● YOUR OBJECTIVE:
What is needed is an exact copy of the lines from the start of the records below through the line with "One of my favorite", without the pictures.
RECORDS below:
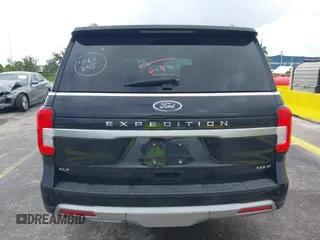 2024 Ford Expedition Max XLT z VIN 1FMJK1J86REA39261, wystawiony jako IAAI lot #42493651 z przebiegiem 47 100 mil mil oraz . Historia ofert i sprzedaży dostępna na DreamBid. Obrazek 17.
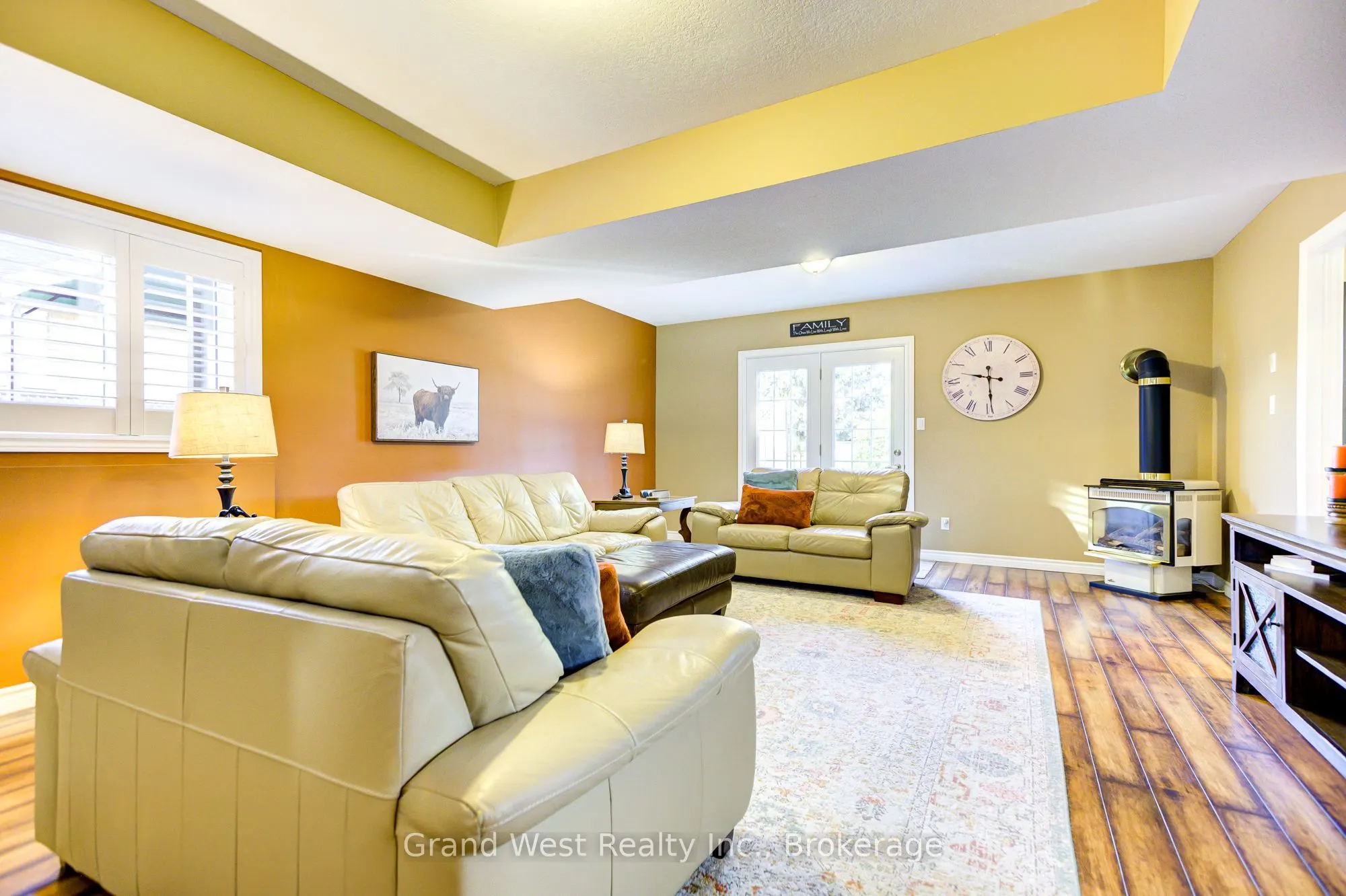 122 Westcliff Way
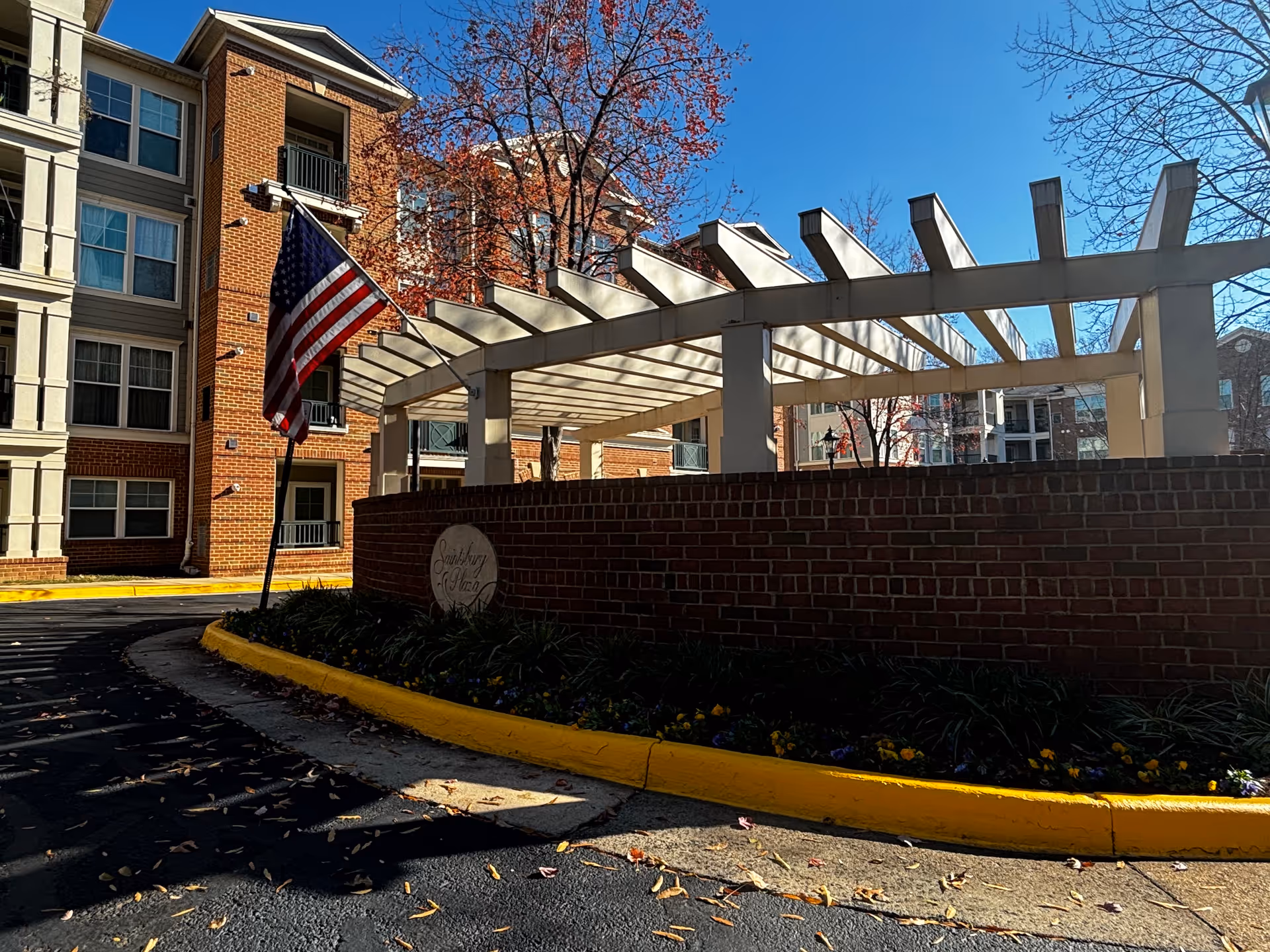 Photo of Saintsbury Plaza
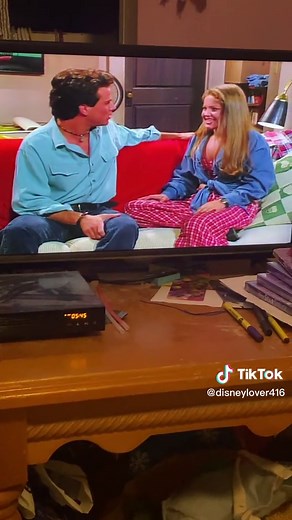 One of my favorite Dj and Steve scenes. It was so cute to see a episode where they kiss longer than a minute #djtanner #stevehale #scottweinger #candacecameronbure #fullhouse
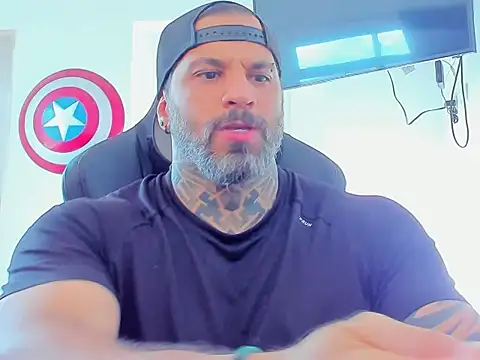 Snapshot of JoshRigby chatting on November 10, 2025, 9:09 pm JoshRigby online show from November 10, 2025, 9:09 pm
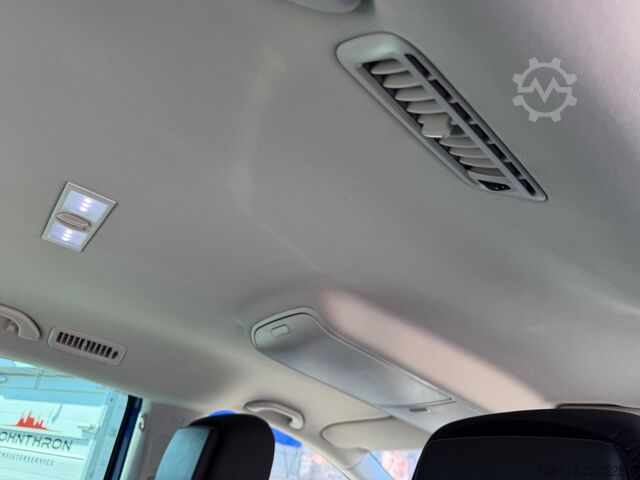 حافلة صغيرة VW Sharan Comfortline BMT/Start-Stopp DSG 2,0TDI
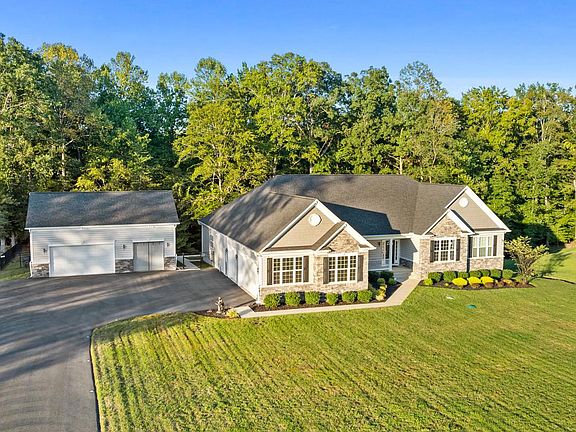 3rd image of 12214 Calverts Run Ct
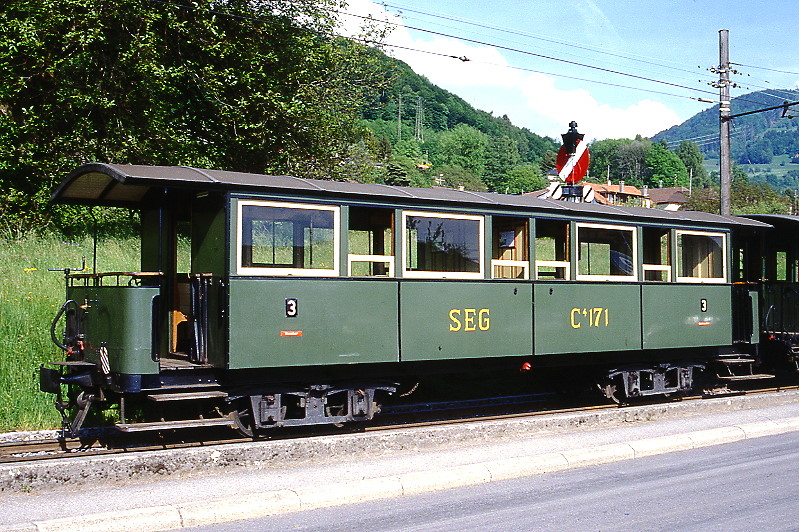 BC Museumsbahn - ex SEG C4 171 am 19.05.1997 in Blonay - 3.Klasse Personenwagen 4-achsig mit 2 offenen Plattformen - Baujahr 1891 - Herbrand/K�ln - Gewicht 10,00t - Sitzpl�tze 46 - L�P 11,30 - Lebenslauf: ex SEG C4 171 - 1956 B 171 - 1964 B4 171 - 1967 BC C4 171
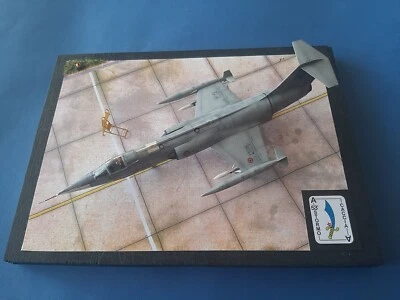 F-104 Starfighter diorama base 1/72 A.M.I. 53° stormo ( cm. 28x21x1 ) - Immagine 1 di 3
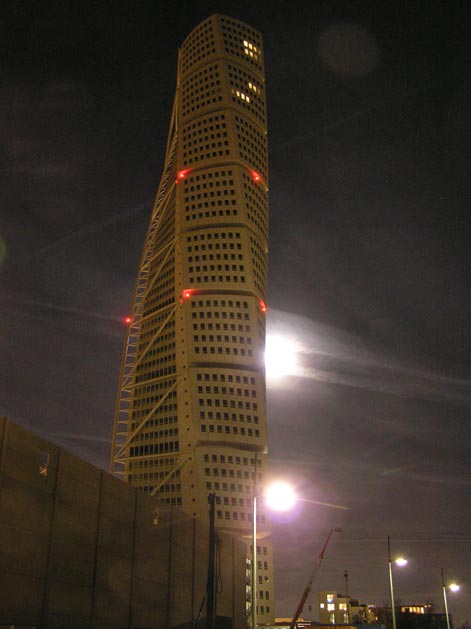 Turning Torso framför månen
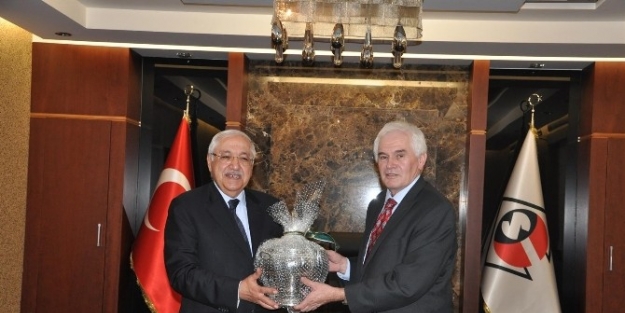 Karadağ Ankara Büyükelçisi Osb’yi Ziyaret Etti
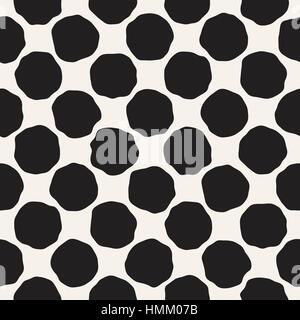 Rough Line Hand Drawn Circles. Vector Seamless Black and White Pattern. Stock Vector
End of RECORDS.
● COMPLETED EXERCISE:
 2024 Ford Expedition Max XLT z VIN 1FMJK1J86REA39261, wystawiony jako IAAI lot #42493651 z przebiegiem 47 100 mil mil oraz . Historia ofert i sprzedaży dostępna na DreamBid. Obrazek 17.
 122 Westcliff Way
 Photo of Saintsbury Plaza
 One of my favorite Dj and Steve scenes. It was so cute to see a episode where they kiss longer than a minute #djtanner #stevehale #scottweinger #candacecameronbure #fullhouse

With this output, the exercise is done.